## Exercise objective
Every entry below must be transcribed word for word, and the images must be left out.

## Recorded data
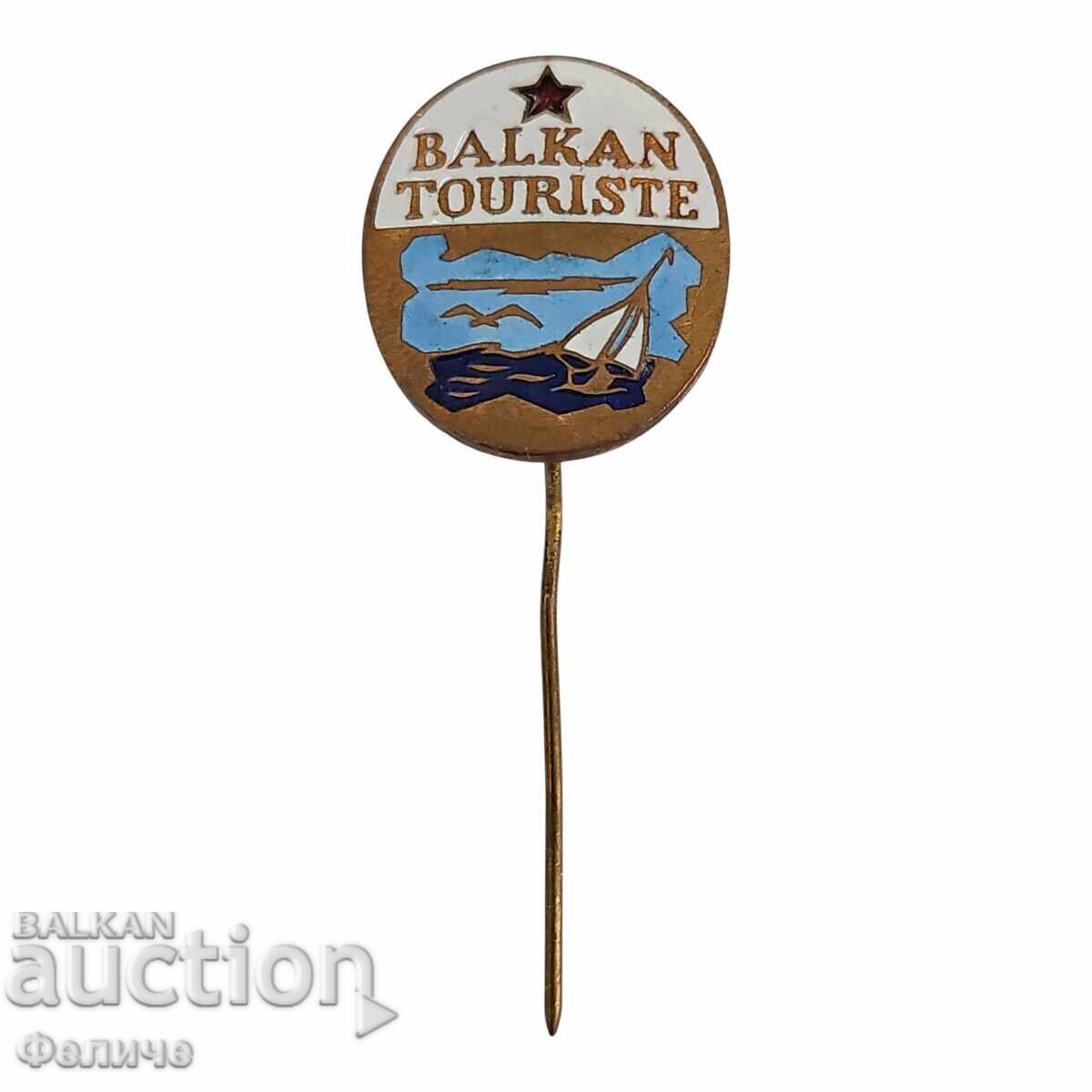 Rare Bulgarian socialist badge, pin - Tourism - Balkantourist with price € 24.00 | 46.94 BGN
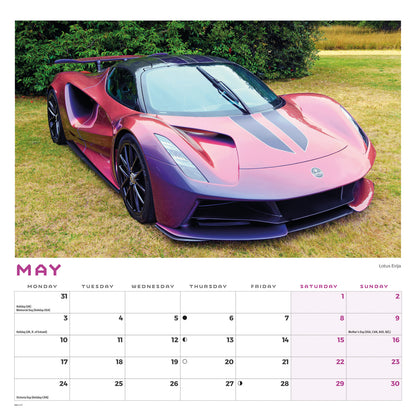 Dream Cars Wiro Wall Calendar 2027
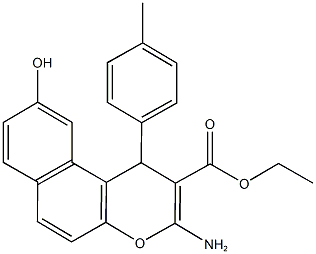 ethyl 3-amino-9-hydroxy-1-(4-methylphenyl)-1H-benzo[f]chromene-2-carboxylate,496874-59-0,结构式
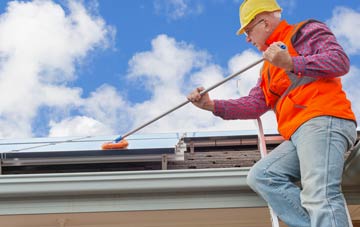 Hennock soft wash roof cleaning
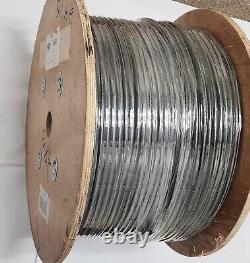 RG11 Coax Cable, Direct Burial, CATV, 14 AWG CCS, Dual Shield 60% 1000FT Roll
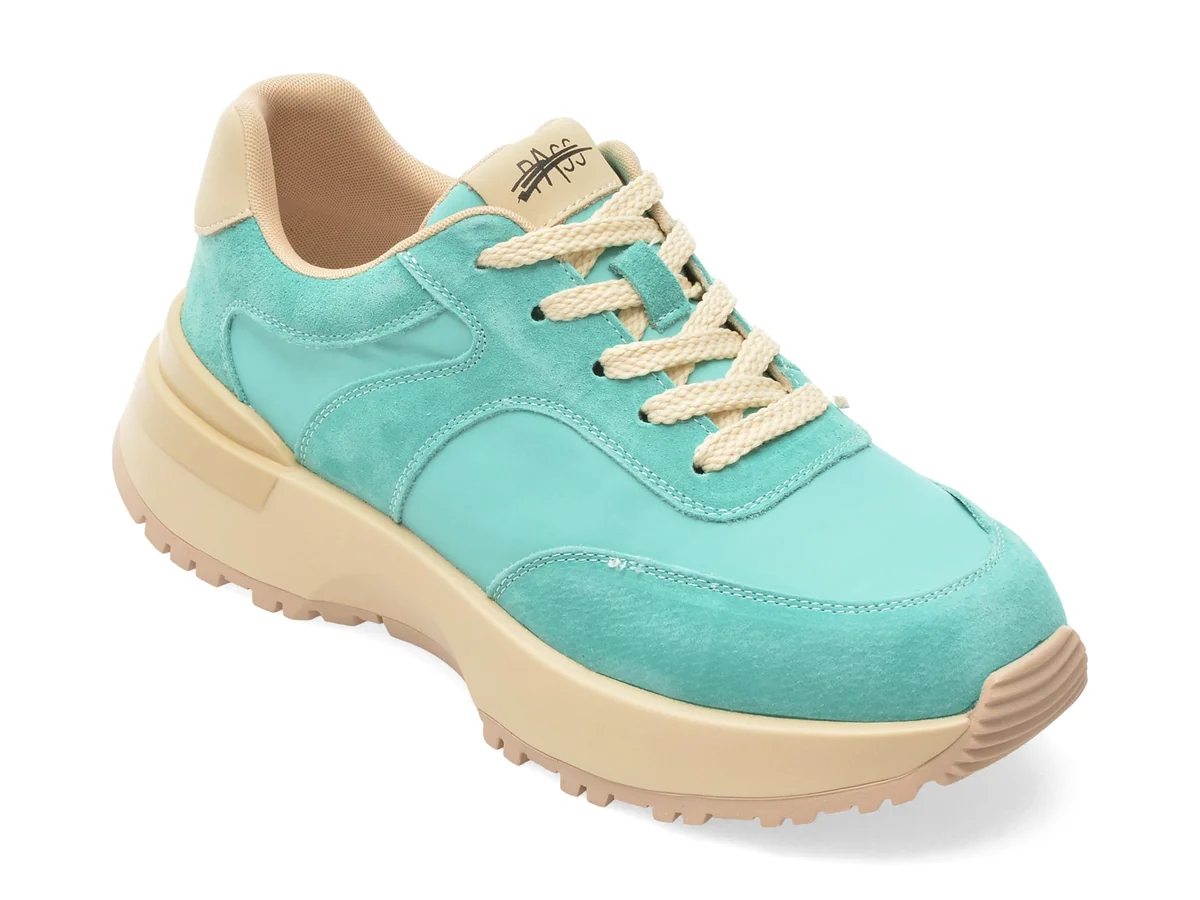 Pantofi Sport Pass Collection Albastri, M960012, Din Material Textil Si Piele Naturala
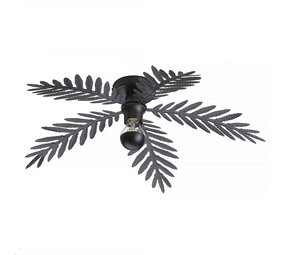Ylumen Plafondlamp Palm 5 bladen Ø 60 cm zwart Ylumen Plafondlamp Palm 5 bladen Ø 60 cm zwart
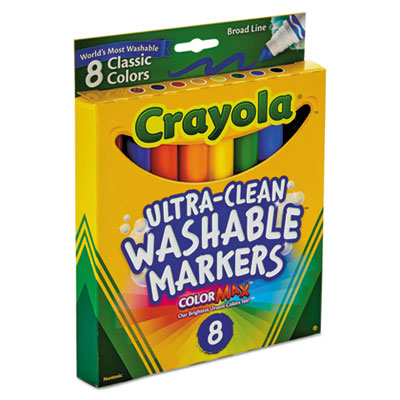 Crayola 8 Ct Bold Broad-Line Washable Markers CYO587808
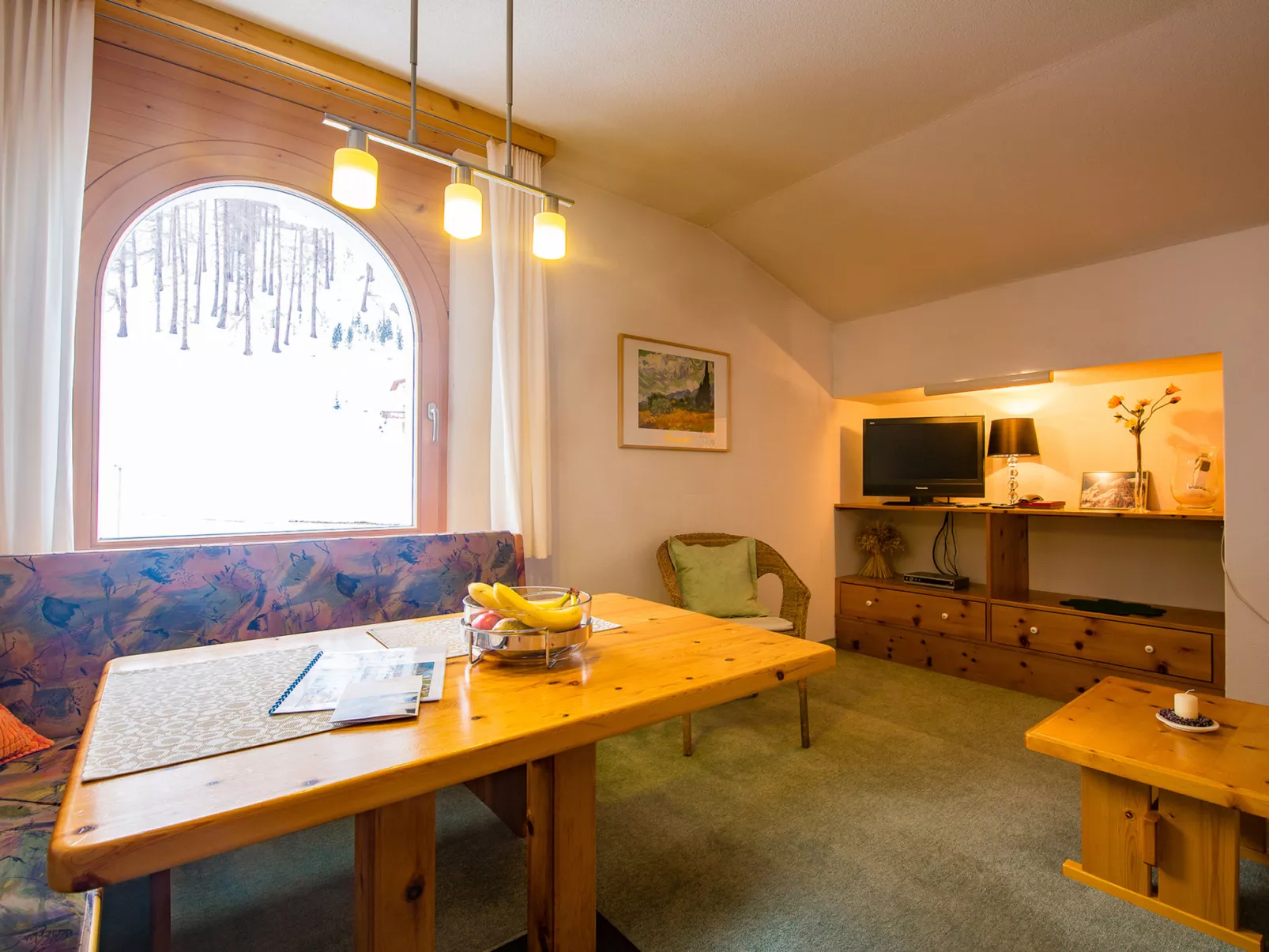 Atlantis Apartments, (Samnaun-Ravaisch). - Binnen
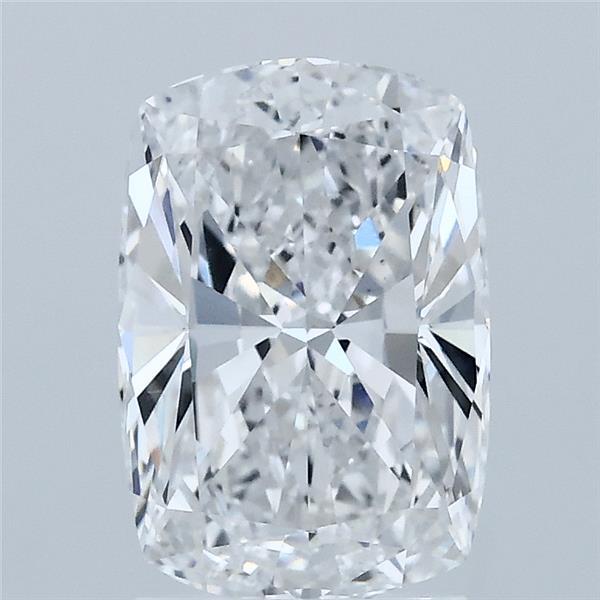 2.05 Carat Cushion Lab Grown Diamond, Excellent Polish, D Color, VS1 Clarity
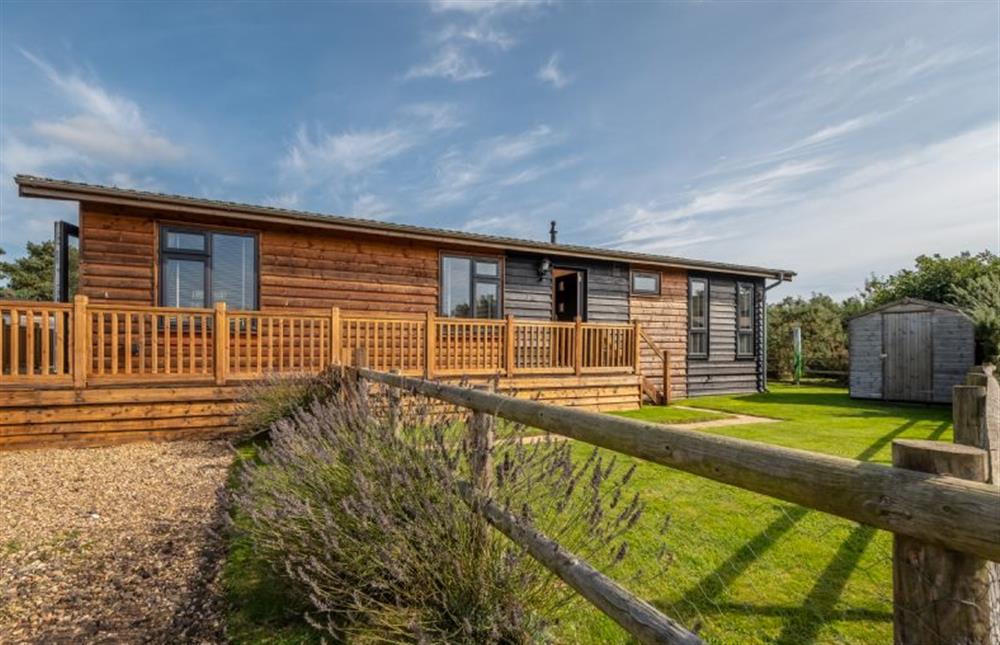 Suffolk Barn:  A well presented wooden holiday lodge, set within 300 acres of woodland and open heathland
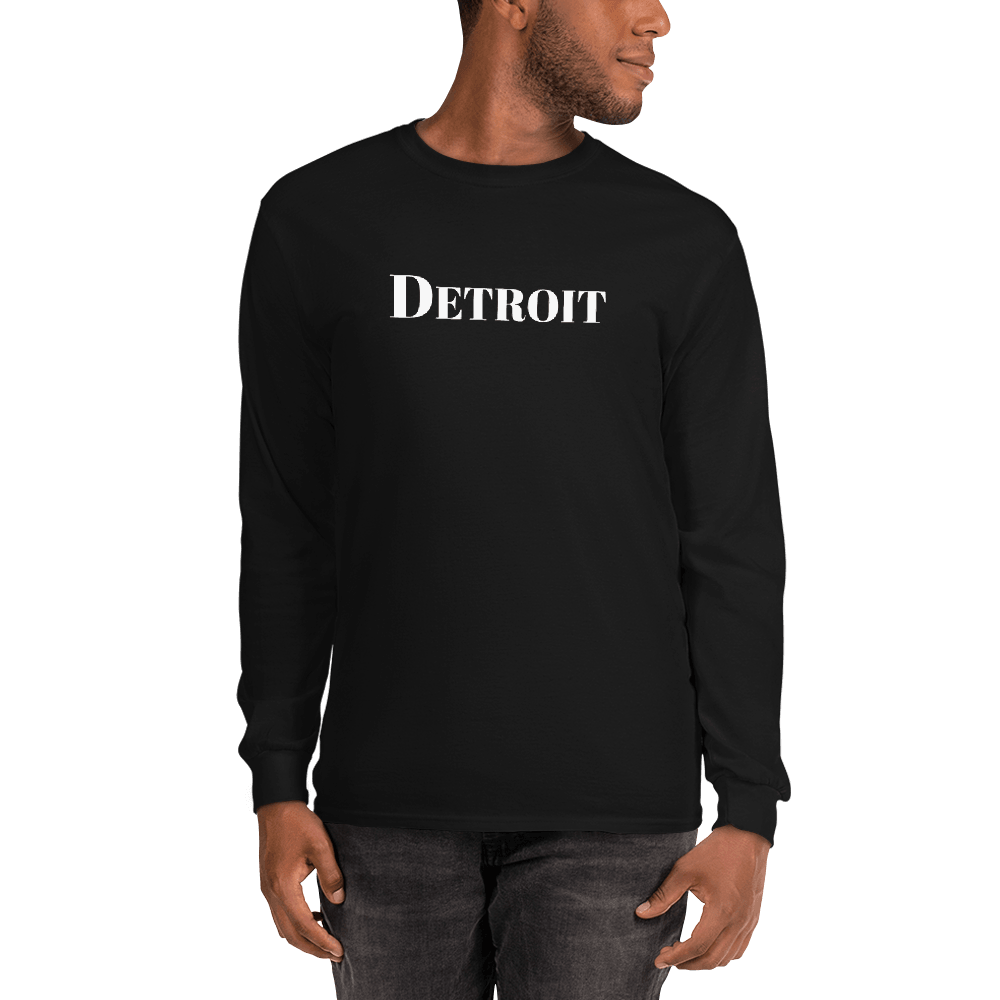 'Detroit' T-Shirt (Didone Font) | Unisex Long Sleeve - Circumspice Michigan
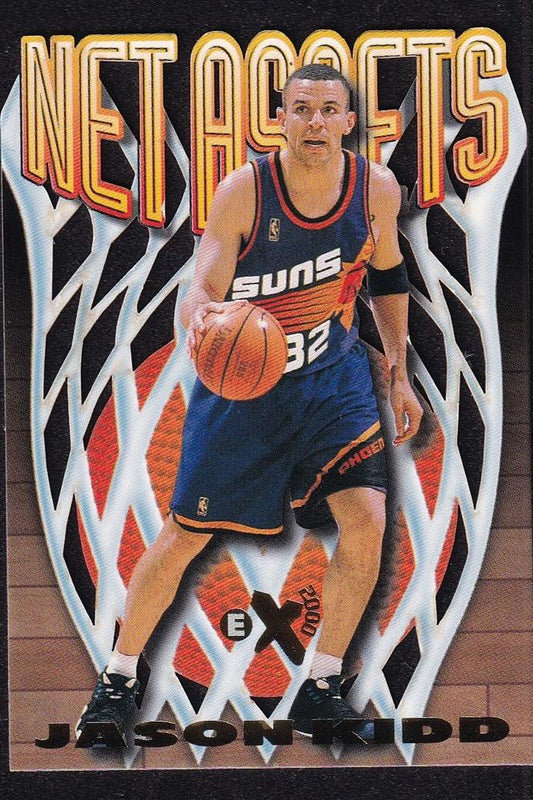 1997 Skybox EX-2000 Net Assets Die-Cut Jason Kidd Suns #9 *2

## Solution to the problem
 Rare Bulgarian socialist badge, pin - Tourism - Balkantourist with price € 24.00 | 46.94 BGN
 Dream Cars Wiro Wall Calendar 2027
 ethyl 3-amino-9-hydroxy-1-(4-methylphenyl)-1H-benzo[f]chromene-2-carboxylate,496874-59-0,结构式
 Hennock soft wash roof cleaning
 RG11 Coax Cable, Direct Burial, CATV, 14 AWG CCS, Dual Shield 60% 1000FT Roll
 Pantofi Sport Pass Collection Albastri, M960012, Din Material Textil Si Piele Naturala
Ylumen Plafondlamp Palm 5 bladen Ø 60 cm zwart Ylumen Plafondlamp Palm 5 bladen Ø 60 cm zwart
 Crayola 8 Ct Bold Broad-Line Washable Markers CYO587808
 Atlantis Apartments, (Samnaun-Ravaisch). - Binnen
 2.05 Carat Cushion Lab Grown Diamond, Excellent Polish, D Color, VS1 Clarity
 Suffolk Barn:  A well presented wooden holiday lodge, set within 300 acres of woodland and open heathland
 'Detroit' T-Shirt (Didone Font) | Unisex Long Sleeve - Circumspice Michigan
 1997 Skybox EX-2000 Net Assets Die-Cut Jason Kidd Suns #9 *2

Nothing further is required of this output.